Most deadly vulnerabilities arise in file-parsers. Just search for parser vulnerabilities and have fun :P .

c. Cleaning up is damn important

At some point in time, we all have made the mistake of not freeing the mallocd memory. We just want the program to work right?! We don’t care about all that. The OS will anyway clean up when the program terminates.

The severity of any such programming mistake depends the context.

  • Suppose the programmer wrote a very simple elf-parser using our library. Then it may not matter, although there are no guarantees.

  • Suppose the programmer is writing some big application, of which our library is one small part. Suppose he opened 1000 files using our library. Consider our library mallocs 5000 bytes for each file - to store all the metadata. So, our library has used up a heap space of 1000 * 5000 = 5MB. Suppose the programmer is done processing the first 500 files and will never use it again (But note that they are still in memory). The programmer opens 500 new files for processing. Unfortunately, lib_path fails because of insufficient memory.

This is sad isn’t it? The programmer was anyway not using the first 500 files. Logically, that memory could be used to process toe new 500 files. But that didn’t happen. If only we had given a clean-up function which frees up the specified memory.

Something like lib_close(descriptor). This will close the case of that file and make room for any new file.

Before the program exits, we need to clean-up everything and leave gracefully.

With that, we’ll end our short discussion on how our library will look like, API etc.,

3. How to initialize and manage data structures?

Consider a data structure as the following:

struct 
{
	void **addrs;
	unsigned long int n_addrs;
	unsigned long int size;
} to_be_freed_list;

struct to_be_freed_list free_us;

During the course of a program, a lot of new objects are created, lot of memory is allocated from heap using malloc / calloc. At the end, we need to free up all this before leaving.

How do we do this? We use this vector of addresses to be freed. In the end, we’ll iterate through the list and free every chunk of memory in one go.

What are the various operations on this structure?.

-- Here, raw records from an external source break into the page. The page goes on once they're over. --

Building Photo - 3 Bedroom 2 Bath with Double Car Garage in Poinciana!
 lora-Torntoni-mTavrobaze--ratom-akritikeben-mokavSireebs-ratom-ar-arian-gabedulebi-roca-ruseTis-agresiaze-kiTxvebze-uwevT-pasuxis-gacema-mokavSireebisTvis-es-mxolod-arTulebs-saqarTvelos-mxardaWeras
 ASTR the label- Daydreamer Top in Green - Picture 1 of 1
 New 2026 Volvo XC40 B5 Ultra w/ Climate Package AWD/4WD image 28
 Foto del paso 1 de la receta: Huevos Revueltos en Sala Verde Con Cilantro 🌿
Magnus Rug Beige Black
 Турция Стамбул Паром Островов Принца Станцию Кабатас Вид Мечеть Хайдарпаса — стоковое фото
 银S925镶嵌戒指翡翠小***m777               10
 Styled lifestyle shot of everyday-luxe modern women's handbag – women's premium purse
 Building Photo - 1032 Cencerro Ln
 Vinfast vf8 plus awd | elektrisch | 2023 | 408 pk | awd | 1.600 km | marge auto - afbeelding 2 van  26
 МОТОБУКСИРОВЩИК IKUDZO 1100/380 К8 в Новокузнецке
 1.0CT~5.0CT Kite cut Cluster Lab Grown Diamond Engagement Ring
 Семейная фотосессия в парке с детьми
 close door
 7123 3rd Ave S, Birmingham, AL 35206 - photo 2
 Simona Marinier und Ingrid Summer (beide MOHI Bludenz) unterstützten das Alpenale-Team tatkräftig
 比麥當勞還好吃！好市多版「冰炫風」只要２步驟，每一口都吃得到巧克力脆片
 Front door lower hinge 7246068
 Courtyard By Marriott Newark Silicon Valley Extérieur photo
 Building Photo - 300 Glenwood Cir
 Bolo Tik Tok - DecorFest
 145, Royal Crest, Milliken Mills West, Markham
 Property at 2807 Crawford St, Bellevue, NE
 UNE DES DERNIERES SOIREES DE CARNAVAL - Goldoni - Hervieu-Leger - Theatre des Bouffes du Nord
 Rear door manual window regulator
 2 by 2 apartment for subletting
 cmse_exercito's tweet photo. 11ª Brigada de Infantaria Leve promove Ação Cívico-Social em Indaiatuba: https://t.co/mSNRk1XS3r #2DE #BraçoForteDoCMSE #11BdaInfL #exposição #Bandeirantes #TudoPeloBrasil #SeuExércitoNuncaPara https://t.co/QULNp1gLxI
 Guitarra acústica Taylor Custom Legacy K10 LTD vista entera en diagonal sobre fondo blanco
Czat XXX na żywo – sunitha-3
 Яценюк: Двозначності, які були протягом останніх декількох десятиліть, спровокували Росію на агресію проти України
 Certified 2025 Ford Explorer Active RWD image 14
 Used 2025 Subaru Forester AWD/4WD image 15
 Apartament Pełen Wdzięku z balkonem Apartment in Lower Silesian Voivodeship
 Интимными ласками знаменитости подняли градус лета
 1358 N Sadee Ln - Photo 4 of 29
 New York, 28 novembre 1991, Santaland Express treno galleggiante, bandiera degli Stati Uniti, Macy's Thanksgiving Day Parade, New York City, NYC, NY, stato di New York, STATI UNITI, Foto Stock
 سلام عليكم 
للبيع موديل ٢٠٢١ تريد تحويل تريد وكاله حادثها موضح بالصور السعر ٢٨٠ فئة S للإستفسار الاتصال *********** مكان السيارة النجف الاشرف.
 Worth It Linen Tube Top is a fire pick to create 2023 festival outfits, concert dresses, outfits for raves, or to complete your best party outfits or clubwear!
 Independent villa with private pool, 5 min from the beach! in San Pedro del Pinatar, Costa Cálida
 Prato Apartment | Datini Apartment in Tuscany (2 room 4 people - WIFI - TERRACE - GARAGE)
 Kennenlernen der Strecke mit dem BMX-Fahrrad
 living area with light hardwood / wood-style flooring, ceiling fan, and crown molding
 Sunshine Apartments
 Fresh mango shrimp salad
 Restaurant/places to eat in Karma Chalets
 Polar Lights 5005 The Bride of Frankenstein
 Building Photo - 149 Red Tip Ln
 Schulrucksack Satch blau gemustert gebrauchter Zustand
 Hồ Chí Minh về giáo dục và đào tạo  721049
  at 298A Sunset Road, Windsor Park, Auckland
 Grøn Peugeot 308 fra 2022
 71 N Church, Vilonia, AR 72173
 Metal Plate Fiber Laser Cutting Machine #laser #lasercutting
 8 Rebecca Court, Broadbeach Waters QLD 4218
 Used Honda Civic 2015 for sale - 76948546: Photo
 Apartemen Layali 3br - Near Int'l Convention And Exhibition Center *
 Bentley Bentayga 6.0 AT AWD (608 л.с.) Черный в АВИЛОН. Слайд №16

  1. It needs some initialization, we need to allocate some memory for addrs so that it actually stores some addresses. Also need to set n_addrs to 0.
  2. Adding an address to this list is an operation.
  3. The core of this data structure - freeing all that memory, another operation. And finally freeing memory allocated for addrs itself.

It is always better to define functions for each of these operations, instead of writing the code again and again.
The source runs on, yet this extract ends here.